**Task objective:**
All of the lines below are to be transcribed faithfully, with pictures excluded from the copy.

**Material provided:**
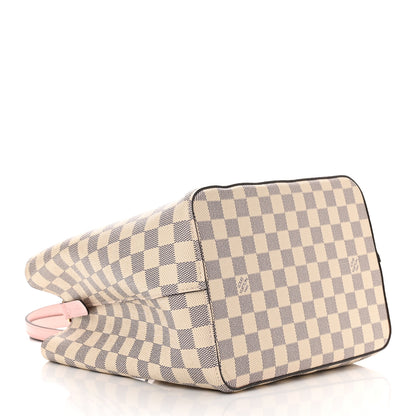 Louis Vuitton Damier Azur Neonoe MM Eau De Rose 4 of 9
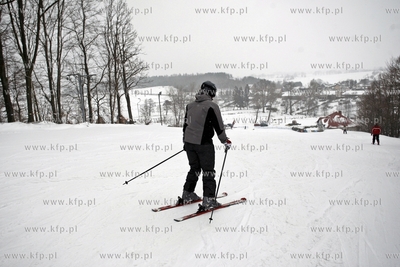 Stok narciarski w Paczoskowie - Kosowie. 01.04.2013...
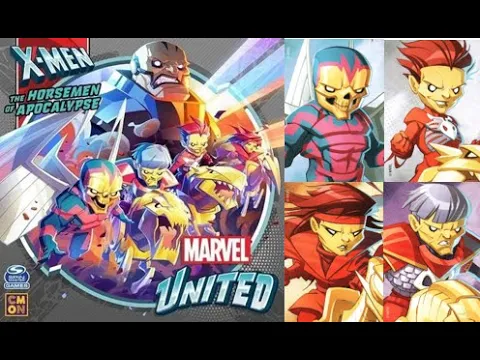 Marvel United: X-Men Play Through - The Horsemen of Apocalypse Vs Alpha Flight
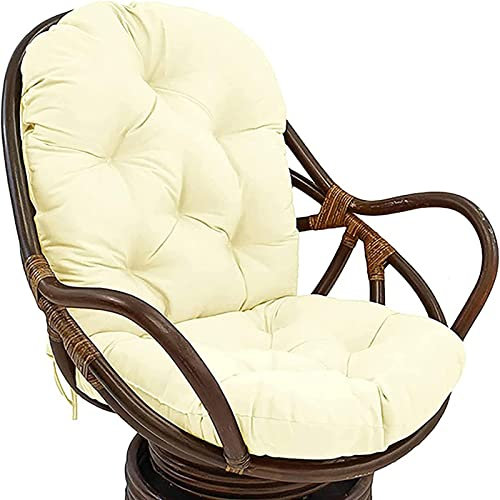JIcloun Auflage/Polster für Schaukelstuhl 120x60 cm, Gartenstuhl Ersatzpolster Schaukelstuhl/Drehsessel, Sanft, Thick, Wasserdicht und UV-Beständig Kissen Verdickte Stuhlauflage,A12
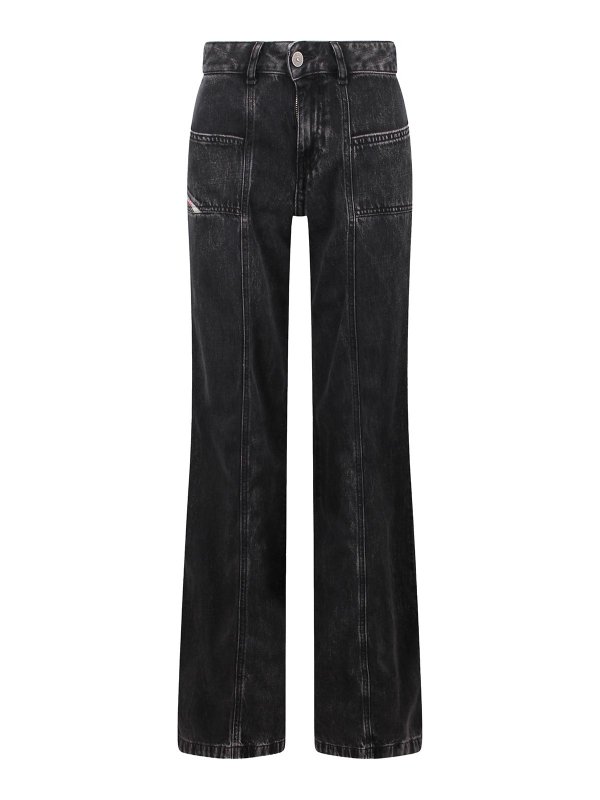 DIESEL: Bootcut - Bootcut Jeans - Schwarz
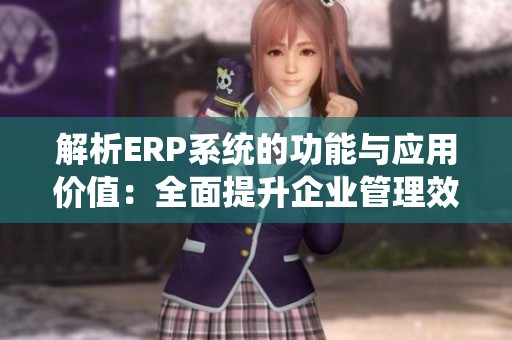 解析ERP系统的功能与应用价值：全面提升企业管理效率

**Output for this exercise:**
 Louis Vuitton Damier Azur Neonoe MM Eau De Rose 4 of 9
 Stok narciarski w Paczoskowie - Kosowie. 01.04.2013...
 Marvel United: X-Men Play Through - The Horsemen of Apocalypse Vs Alpha Flight
JIcloun Auflage/Polster für Schaukelstuhl 120x60 cm, Gartenstuhl Ersatzpolster Schaukelstuhl/Drehsessel, Sanft, Thick, Wasserdicht und UV-Beständig Kissen Verdickte Stuhlauflage,A12
 DIESEL: Bootcut - Bootcut Jeans - Schwarz
 解析ERP系统的功能与应用价值：全面提升企业管理效率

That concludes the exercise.